#### [Exercise inputs]
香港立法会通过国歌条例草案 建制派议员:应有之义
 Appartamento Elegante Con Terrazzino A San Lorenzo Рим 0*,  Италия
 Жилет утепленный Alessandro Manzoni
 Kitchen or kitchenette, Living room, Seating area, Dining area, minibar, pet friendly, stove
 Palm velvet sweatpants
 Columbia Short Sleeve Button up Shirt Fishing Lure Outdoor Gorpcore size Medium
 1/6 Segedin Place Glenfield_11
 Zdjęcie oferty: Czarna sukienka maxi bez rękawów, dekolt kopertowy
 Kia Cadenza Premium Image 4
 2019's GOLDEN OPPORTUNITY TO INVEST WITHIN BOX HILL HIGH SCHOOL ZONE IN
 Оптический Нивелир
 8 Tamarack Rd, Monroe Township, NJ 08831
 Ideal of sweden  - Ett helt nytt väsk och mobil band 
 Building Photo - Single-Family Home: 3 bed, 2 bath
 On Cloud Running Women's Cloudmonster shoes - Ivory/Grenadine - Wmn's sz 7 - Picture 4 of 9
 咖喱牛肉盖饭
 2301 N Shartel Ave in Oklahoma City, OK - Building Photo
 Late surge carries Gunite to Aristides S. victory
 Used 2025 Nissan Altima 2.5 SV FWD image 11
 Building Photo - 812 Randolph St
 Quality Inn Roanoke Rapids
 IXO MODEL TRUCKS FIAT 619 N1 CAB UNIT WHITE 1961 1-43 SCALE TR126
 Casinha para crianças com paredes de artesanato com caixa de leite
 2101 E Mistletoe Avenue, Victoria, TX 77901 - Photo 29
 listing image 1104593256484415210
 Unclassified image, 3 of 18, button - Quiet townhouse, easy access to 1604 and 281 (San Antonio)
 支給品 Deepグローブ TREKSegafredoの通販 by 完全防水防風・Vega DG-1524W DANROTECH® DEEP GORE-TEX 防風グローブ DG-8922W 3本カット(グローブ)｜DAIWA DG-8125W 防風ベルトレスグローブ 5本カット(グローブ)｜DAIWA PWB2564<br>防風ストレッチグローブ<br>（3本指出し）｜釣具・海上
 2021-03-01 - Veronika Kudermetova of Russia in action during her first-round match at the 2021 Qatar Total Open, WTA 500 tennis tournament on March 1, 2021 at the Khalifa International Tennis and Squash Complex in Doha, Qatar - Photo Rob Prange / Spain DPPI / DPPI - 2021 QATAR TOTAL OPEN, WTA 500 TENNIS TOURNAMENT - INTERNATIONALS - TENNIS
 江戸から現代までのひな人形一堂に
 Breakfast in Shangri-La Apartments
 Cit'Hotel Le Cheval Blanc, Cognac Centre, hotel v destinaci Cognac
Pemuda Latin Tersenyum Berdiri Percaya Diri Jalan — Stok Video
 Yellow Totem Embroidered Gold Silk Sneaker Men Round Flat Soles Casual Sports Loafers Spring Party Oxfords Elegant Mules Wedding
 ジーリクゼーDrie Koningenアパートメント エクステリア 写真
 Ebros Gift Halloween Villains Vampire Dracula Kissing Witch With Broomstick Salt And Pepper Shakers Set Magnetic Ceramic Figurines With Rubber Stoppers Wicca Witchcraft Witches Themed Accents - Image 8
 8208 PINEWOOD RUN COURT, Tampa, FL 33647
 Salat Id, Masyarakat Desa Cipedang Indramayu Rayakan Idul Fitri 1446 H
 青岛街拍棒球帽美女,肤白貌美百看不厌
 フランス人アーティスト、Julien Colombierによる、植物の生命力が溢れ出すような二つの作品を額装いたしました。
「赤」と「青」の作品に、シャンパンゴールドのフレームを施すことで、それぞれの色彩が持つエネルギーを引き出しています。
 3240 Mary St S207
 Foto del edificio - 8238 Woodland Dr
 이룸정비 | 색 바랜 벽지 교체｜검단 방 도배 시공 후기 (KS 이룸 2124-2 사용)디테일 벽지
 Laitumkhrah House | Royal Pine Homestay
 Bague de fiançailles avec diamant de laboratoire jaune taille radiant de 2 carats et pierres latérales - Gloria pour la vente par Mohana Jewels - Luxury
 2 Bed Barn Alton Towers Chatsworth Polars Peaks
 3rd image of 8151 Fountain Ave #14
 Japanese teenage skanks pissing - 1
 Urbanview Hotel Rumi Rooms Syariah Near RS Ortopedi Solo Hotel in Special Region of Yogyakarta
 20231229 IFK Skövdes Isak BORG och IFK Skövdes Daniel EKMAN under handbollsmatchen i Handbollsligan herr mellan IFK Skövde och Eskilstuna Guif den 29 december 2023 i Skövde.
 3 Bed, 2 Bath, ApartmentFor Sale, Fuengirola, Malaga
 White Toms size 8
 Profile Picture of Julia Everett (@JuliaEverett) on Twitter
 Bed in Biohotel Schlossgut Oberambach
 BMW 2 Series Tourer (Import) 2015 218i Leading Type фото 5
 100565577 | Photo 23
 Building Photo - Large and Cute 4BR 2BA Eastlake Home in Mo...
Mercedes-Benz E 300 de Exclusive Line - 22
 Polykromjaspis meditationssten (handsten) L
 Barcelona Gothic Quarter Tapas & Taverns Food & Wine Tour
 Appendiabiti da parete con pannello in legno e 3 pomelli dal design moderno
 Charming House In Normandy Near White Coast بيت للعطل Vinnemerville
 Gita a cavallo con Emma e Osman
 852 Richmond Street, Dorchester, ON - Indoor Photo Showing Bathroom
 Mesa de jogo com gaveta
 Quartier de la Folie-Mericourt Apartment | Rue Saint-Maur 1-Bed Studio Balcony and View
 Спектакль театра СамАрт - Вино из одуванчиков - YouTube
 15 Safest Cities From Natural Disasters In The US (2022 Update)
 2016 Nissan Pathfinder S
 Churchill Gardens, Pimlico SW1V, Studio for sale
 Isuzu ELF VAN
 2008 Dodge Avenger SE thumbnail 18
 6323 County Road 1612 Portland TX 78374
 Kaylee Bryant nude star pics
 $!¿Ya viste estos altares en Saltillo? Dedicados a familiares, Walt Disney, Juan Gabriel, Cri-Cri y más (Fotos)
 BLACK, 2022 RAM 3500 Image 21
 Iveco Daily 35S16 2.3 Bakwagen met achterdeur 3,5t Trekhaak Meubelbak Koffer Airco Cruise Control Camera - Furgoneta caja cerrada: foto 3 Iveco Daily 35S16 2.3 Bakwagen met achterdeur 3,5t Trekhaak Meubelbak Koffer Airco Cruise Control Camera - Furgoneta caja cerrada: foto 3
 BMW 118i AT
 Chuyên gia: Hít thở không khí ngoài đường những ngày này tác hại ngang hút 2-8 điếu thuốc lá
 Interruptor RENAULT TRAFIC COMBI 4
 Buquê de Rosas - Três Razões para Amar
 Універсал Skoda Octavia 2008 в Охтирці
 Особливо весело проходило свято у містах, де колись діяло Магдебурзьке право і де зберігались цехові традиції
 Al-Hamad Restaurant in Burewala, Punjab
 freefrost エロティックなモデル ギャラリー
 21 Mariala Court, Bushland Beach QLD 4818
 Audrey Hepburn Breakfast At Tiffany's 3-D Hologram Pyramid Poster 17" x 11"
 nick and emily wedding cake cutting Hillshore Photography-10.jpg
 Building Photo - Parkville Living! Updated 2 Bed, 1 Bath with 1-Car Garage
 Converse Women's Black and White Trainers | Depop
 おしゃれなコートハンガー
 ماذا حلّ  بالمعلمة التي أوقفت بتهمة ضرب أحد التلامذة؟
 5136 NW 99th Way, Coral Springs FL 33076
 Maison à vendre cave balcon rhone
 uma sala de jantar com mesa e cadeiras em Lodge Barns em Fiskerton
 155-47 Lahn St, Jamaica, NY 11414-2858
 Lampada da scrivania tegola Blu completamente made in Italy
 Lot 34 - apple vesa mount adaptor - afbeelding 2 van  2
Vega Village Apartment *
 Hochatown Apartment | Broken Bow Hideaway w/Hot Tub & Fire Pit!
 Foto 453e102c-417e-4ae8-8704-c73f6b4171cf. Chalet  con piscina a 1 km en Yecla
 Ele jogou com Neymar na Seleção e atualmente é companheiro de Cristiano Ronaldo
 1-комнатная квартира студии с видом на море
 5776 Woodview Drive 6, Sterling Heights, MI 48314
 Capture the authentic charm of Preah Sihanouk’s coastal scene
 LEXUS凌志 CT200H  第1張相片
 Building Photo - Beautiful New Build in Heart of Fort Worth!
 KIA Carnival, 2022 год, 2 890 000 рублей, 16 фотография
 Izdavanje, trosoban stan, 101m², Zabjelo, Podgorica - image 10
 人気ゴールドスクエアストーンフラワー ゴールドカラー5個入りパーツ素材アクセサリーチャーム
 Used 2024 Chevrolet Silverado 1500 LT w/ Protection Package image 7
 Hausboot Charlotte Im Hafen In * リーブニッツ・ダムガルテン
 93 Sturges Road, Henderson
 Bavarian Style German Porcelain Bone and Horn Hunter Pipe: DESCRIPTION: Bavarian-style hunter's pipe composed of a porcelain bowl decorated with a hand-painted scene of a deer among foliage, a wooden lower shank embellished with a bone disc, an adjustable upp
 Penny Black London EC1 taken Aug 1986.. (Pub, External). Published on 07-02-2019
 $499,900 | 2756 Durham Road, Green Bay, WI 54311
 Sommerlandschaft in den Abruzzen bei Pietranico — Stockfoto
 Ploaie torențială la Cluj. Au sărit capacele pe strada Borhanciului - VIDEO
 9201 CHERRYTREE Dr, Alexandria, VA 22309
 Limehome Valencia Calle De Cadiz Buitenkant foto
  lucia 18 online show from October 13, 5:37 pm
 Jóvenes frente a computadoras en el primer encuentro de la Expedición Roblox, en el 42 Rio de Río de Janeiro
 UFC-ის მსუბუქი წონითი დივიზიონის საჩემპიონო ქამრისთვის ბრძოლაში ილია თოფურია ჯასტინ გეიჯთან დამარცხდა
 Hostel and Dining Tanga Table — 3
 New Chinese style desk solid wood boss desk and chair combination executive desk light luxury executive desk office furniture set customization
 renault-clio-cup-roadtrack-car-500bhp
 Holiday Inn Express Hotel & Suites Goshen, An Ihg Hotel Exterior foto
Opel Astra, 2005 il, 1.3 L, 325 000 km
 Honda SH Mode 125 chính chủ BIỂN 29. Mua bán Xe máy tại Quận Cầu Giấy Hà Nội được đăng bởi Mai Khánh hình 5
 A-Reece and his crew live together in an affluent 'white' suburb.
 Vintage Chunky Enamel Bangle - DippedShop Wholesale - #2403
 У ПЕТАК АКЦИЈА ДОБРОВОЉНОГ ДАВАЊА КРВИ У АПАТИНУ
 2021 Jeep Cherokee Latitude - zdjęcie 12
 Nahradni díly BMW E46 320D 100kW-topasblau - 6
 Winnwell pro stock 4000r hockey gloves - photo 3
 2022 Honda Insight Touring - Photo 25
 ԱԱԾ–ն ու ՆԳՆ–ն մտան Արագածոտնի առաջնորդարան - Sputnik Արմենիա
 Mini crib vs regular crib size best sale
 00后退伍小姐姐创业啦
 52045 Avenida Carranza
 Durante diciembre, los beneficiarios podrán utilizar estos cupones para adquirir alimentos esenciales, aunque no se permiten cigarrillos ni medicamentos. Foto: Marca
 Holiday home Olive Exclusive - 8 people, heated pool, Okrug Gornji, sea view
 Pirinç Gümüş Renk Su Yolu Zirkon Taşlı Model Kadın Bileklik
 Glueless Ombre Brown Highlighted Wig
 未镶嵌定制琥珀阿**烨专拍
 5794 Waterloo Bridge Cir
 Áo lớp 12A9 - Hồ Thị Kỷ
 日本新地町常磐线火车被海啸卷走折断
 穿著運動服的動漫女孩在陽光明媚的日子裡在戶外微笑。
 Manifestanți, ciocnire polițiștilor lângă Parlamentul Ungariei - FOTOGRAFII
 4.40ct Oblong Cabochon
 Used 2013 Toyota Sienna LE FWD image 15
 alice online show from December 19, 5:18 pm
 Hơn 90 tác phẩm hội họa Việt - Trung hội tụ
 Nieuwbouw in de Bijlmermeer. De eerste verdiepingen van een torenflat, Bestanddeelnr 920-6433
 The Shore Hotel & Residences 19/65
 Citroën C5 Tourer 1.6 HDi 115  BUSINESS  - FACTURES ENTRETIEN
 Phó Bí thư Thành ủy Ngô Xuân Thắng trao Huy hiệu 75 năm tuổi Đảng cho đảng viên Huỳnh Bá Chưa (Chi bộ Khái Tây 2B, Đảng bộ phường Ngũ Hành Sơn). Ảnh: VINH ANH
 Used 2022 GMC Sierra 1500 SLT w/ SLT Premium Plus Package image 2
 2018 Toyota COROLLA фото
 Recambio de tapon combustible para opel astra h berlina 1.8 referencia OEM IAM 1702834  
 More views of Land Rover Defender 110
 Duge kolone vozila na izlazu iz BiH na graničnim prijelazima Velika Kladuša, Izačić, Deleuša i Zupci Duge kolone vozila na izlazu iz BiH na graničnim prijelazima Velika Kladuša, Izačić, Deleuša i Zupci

#### [Problem]
Give the count of lines in the data above holding the word "Package", and nothing beyond it.

#### [Answer for this exercise]
2